--- DATA RECORDS ---
######

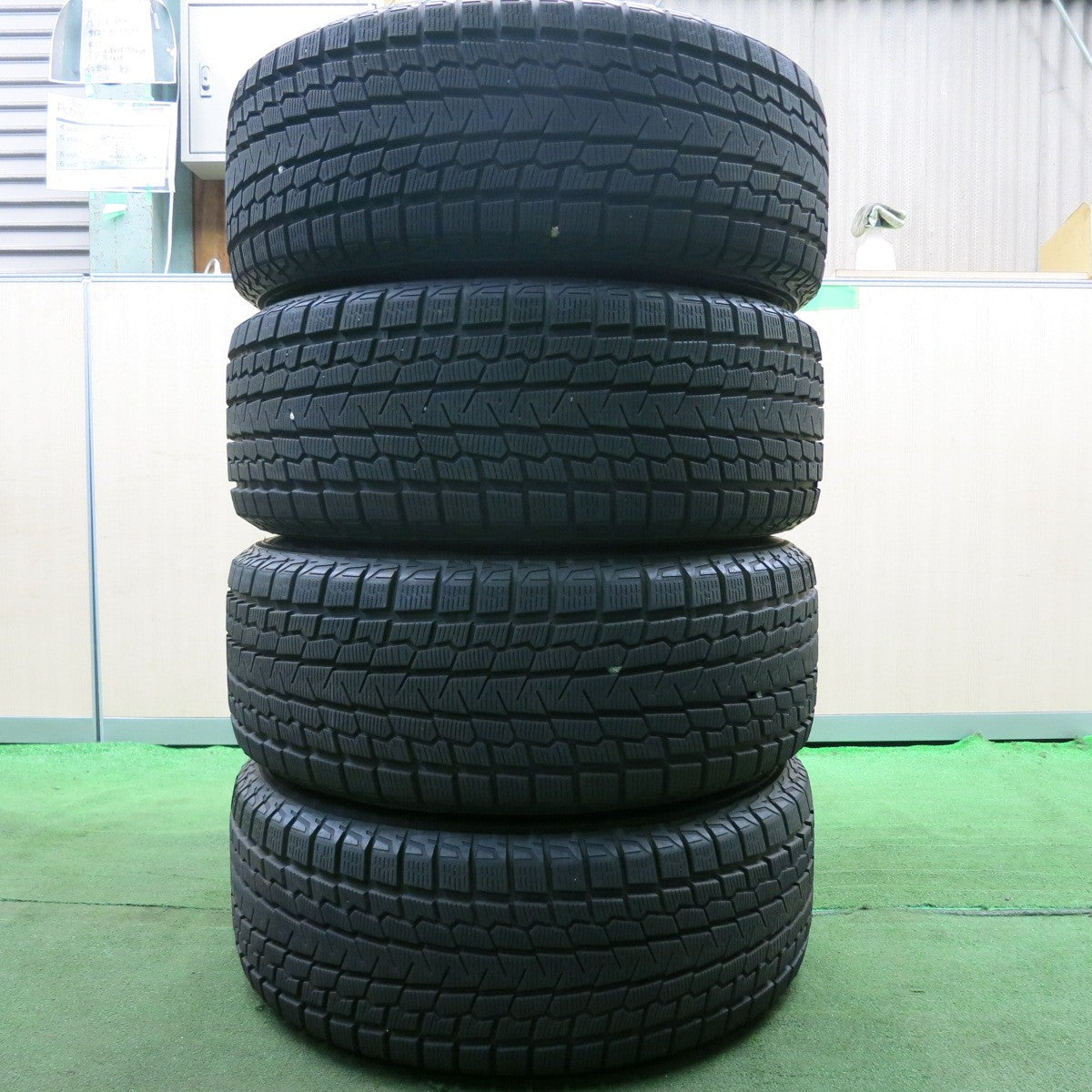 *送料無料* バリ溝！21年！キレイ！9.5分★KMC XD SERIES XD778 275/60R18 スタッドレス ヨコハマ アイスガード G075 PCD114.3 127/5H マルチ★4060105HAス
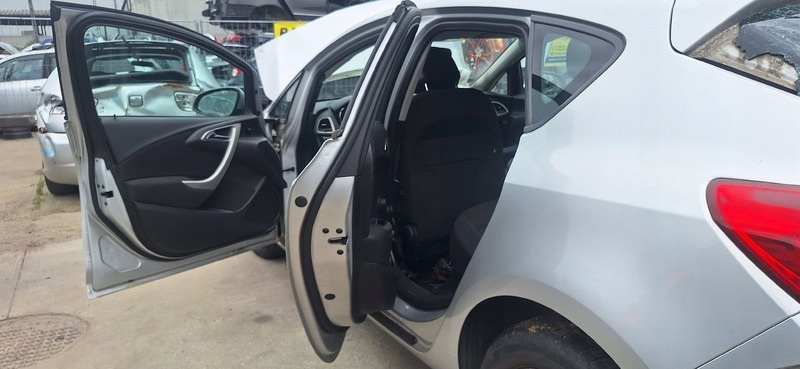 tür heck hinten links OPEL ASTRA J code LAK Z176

######

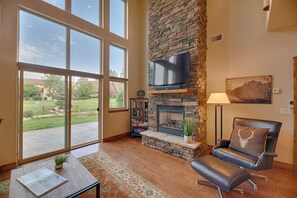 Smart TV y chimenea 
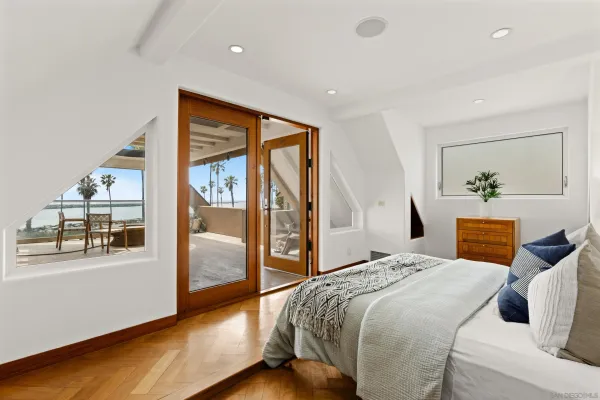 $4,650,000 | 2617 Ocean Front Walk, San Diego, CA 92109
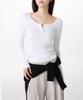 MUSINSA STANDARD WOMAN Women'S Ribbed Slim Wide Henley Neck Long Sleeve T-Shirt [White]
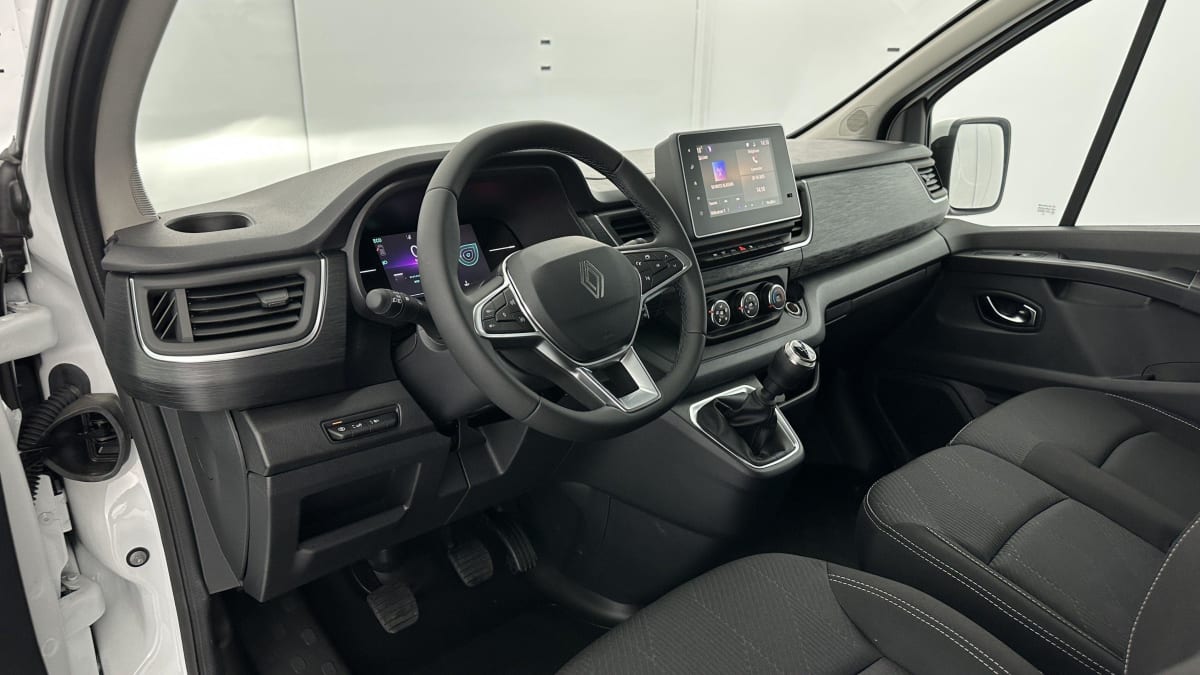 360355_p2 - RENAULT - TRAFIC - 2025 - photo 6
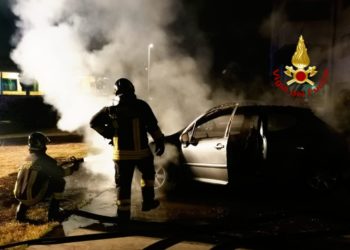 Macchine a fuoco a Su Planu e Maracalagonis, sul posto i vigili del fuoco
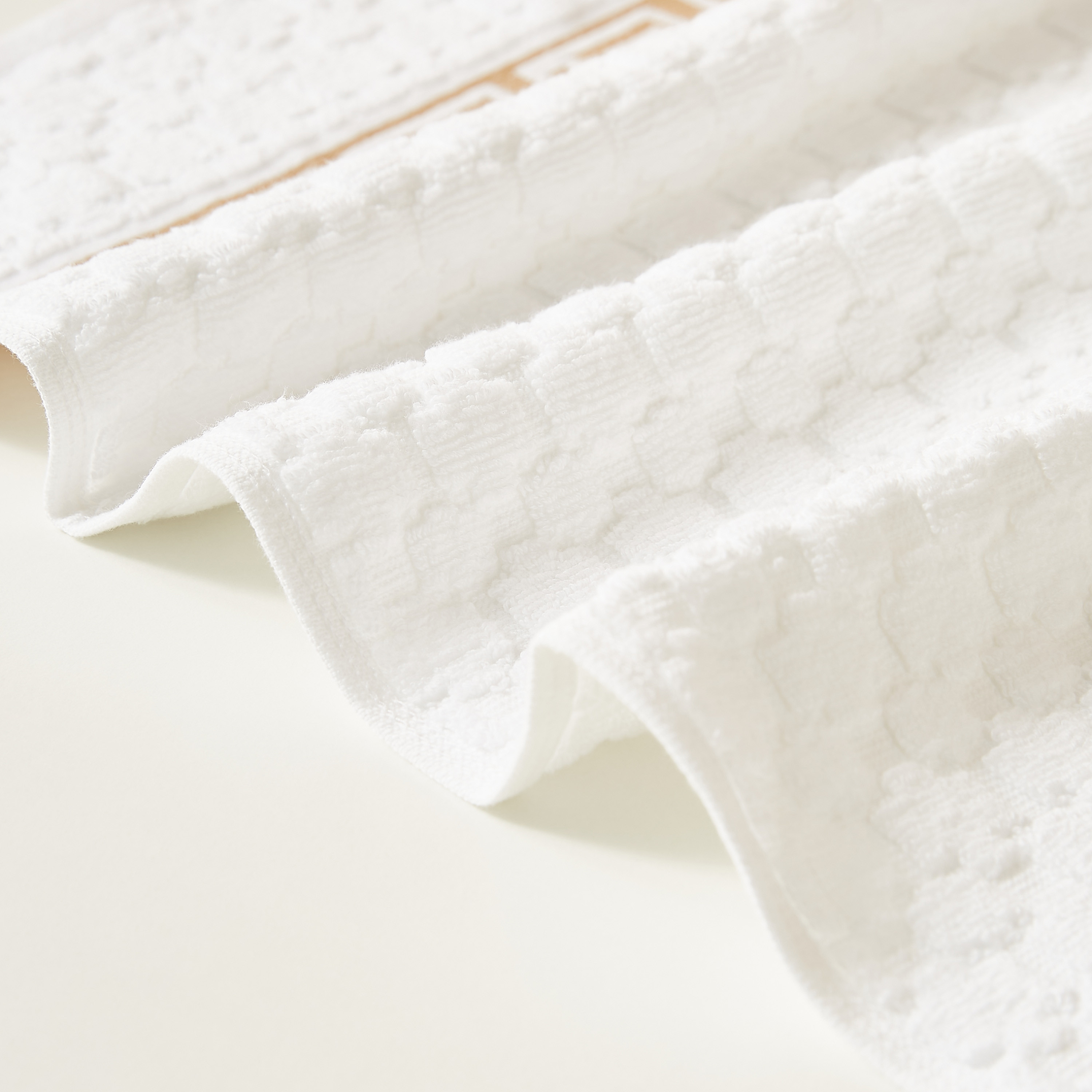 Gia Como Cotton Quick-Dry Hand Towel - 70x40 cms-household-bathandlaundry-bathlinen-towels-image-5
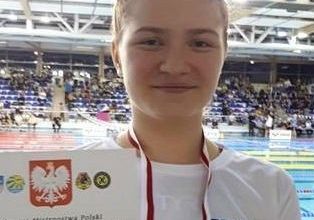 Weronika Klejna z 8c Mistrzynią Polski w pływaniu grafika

######

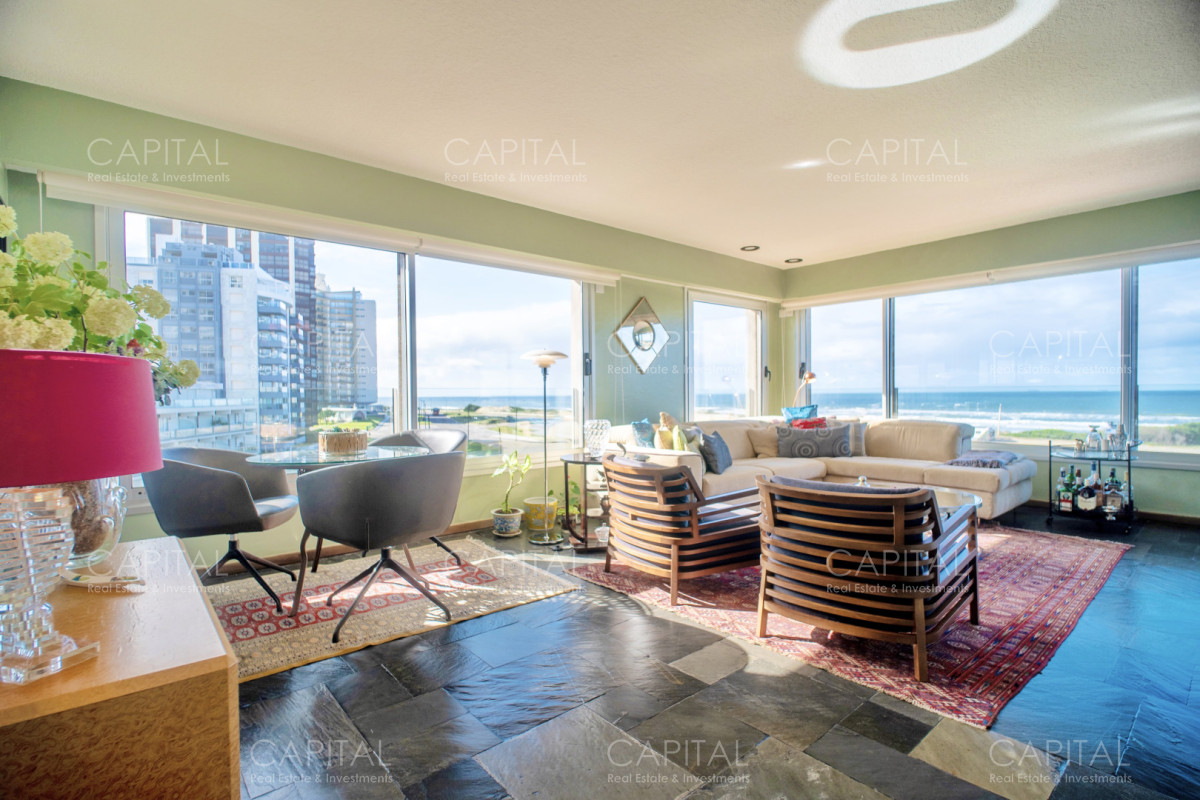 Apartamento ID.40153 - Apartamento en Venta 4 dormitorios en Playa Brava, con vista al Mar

######

Both the line containing "Macchine a fuoco" and the line containing "Weronika Klejna z" above belong in the output, as do the lines between them. Print them exactly, without pictures.

--- OUTPUT OF THE TASK ---
 Macchine a fuoco a Su Planu e Maracalagonis, sul posto i vigili del fuoco
 Gia Como Cotton Quick-Dry Hand Towel - 70x40 cms-household-bathandlaundry-bathlinen-towels-image-5
 Weronika Klejna z 8c Mistrzynią Polski w pływaniu grafika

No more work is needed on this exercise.